EXERCISE DESCRIPTION
Please write out, exactly as given, every line of the entries below up to and including the line with "The Sovereign Doctor".

Short text fragments from websites

- Opening Delimiter -

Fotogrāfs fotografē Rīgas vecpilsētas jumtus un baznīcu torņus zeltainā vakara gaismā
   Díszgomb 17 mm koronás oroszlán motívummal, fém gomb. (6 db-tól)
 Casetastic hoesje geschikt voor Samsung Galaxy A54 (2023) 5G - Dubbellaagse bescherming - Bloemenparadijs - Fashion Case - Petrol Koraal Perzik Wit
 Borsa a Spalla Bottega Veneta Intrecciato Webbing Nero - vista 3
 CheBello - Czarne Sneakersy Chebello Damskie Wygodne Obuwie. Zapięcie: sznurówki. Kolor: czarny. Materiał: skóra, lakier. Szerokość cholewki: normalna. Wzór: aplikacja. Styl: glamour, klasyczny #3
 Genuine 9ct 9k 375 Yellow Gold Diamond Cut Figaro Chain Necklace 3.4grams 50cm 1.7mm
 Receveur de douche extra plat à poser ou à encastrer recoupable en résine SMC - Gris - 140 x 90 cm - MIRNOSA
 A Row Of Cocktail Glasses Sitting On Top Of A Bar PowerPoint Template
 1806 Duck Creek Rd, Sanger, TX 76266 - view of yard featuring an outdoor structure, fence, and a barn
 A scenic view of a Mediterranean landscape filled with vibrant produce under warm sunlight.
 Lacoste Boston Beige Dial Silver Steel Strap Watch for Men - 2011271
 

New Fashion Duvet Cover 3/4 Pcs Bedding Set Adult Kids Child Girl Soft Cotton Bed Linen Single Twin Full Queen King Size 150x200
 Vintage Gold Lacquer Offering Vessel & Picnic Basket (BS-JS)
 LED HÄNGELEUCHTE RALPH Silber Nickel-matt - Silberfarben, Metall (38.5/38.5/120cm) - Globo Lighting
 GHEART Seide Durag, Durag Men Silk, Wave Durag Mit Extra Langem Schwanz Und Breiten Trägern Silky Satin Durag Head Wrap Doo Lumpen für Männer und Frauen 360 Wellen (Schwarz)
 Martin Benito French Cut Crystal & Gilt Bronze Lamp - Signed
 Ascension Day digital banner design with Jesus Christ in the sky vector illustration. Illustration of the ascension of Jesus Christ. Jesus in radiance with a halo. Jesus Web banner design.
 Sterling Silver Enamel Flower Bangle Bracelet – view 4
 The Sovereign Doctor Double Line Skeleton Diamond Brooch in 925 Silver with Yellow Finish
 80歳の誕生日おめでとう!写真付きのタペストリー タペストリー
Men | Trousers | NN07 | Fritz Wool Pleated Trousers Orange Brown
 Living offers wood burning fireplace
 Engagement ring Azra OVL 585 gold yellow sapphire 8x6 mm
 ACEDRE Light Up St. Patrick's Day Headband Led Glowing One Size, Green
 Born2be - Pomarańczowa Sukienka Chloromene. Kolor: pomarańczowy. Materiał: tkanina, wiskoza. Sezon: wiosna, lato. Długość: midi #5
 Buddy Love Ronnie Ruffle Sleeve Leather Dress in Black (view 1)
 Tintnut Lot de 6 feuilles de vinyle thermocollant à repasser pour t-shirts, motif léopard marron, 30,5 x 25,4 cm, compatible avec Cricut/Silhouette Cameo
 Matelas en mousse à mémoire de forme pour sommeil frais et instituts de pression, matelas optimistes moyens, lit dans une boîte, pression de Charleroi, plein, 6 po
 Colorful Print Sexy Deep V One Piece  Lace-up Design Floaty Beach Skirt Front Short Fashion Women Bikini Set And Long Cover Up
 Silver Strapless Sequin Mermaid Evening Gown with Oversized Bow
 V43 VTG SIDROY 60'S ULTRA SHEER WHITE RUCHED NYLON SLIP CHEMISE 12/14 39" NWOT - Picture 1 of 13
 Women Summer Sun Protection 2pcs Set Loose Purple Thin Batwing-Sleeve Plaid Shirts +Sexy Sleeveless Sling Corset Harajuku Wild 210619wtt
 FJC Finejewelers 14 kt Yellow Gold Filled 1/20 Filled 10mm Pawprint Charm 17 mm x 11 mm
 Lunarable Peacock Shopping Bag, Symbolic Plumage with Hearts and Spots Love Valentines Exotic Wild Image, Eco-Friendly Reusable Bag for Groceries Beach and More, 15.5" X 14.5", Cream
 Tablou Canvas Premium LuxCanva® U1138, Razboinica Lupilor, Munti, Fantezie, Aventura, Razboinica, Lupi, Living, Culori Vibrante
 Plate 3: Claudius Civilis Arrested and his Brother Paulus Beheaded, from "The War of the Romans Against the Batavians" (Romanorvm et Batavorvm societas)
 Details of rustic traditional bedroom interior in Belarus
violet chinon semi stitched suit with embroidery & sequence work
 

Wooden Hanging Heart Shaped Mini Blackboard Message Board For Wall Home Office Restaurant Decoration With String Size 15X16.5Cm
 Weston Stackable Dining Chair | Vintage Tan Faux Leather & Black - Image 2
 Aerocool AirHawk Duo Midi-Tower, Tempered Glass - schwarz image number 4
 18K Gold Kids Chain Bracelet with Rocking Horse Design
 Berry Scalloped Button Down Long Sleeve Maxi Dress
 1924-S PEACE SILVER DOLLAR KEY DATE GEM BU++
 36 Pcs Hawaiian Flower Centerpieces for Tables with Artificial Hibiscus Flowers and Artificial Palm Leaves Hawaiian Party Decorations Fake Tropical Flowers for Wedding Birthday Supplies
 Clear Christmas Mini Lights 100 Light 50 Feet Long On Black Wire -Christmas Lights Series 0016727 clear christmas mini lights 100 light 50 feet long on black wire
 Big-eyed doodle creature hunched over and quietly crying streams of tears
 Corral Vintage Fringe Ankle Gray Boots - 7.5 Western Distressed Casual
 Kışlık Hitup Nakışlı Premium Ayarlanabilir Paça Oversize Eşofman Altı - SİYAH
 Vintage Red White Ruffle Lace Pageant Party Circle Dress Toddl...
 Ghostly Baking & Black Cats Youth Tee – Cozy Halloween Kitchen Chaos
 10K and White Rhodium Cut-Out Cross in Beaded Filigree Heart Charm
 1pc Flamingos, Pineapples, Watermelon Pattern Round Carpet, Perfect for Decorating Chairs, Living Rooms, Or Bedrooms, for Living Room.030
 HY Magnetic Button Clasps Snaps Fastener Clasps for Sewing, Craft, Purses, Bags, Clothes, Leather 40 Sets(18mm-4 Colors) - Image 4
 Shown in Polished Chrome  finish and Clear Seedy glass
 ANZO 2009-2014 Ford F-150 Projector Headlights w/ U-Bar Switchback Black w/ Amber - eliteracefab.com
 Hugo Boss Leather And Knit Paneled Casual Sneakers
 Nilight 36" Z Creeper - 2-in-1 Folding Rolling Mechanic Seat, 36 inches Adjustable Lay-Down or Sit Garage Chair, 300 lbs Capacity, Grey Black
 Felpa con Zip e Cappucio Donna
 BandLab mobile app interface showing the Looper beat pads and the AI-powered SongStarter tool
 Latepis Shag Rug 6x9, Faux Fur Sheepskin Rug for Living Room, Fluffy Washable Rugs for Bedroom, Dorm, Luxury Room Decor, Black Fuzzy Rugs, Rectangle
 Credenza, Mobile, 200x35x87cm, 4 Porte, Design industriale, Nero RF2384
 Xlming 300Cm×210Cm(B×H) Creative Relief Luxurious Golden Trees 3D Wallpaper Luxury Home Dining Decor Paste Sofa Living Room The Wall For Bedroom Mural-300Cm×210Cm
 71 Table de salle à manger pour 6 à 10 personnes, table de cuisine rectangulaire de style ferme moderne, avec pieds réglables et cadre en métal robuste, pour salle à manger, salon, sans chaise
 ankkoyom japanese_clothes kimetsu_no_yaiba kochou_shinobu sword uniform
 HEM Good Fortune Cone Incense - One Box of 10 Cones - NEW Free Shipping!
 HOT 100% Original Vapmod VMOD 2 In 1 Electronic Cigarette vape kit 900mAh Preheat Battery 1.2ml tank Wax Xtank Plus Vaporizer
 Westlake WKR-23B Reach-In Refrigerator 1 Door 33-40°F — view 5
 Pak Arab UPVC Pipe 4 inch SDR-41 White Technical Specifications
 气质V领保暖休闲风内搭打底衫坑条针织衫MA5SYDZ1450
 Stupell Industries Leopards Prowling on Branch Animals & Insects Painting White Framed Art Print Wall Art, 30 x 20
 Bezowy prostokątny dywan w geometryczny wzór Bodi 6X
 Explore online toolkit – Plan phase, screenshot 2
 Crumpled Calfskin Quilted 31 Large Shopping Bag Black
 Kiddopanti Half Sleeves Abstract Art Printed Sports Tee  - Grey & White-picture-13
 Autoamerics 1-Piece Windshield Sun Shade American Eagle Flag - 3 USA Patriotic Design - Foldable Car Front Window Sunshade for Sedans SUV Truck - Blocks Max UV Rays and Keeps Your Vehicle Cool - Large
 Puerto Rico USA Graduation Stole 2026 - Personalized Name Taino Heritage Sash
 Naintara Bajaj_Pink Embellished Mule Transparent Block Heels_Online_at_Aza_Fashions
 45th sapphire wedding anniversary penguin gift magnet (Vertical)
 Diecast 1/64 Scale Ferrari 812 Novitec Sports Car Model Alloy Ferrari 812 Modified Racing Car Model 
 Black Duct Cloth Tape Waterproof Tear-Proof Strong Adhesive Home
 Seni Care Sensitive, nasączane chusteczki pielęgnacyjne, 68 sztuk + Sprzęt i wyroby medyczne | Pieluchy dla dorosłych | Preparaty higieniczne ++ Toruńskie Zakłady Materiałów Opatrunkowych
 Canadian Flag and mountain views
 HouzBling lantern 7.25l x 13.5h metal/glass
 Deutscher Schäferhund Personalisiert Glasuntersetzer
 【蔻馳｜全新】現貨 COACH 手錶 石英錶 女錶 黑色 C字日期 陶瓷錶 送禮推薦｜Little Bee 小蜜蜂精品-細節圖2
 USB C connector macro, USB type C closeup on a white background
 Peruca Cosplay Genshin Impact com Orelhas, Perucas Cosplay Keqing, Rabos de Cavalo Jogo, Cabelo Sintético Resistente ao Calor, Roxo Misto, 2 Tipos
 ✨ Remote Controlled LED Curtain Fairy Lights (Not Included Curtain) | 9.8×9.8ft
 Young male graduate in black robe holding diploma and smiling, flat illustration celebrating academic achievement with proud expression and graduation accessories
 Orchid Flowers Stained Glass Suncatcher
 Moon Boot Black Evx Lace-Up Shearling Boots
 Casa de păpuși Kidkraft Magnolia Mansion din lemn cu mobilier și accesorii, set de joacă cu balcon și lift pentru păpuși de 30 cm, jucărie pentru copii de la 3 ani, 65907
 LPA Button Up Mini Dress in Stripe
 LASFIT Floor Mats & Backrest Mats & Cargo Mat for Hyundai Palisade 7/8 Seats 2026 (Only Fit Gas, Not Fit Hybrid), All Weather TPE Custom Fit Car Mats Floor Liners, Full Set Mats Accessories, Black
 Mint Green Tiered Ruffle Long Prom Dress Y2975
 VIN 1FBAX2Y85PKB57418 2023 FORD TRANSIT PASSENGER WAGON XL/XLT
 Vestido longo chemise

- Closing Delimiter -

THE COMPLETED TASK
Fotogrāfs fotografē Rīgas vecpilsētas jumtus un baznīcu torņus zeltainā vakara gaismā
   Díszgomb 17 mm koronás oroszlán motívummal, fém gomb. (6 db-tól)
 Casetastic hoesje geschikt voor Samsung Galaxy A54 (2023) 5G - Dubbellaagse bescherming - Bloemenparadijs - Fashion Case - Petrol Koraal Perzik Wit
 Borsa a Spalla Bottega Veneta Intrecciato Webbing Nero - vista 3
 CheBello - Czarne Sneakersy Chebello Damskie Wygodne Obuwie. Zapięcie: sznurówki. Kolor: czarny. Materiał: skóra, lakier. Szerokość cholewki: normalna. Wzór: aplikacja. Styl: glamour, klasyczny #3
 Genuine 9ct 9k 375 Yellow Gold Diamond Cut Figaro Chain Necklace 3.4grams 50cm 1.7mm
 Receveur de douche extra plat à poser ou à encastrer recoupable en résine SMC - Gris - 140 x 90 cm - MIRNOSA
 A Row Of Cocktail Glasses Sitting On Top Of A Bar PowerPoint Template
 1806 Duck Creek Rd, Sanger, TX 76266 - view of yard featuring an outdoor structure, fence, and a barn
 A scenic view of a Mediterranean landscape filled with vibrant produce under warm sunlight.
 Lacoste Boston Beige Dial Silver Steel Strap Watch for Men - 2011271
 

New Fashion Duvet Cover 3/4 Pcs Bedding Set Adult Kids Child Girl Soft Cotton Bed Linen Single Twin Full Queen King Size 150x200
 Vintage Gold Lacquer Offering Vessel & Picnic Basket (BS-JS)
 LED HÄNGELEUCHTE RALPH Silber Nickel-matt - Silberfarben, Metall (38.5/38.5/120cm) - Globo Lighting
 GHEART Seide Durag, Durag Men Silk, Wave Durag Mit Extra Langem Schwanz Und Breiten Trägern Silky Satin Durag Head Wrap Doo Lumpen für Männer und Frauen 360 Wellen (Schwarz)
 Martin Benito French Cut Crystal & Gilt Bronze Lamp - Signed
 Ascension Day digital banner design with Jesus Christ in the sky vector illustration. Illustration of the ascension of Jesus Christ. Jesus in radiance with a halo. Jesus Web banner design.
 Sterling Silver Enamel Flower Bangle Bracelet – view 4
 The Sovereign Doctor Double Line Skeleton Diamond Brooch in 925 Silver with Yellow Finish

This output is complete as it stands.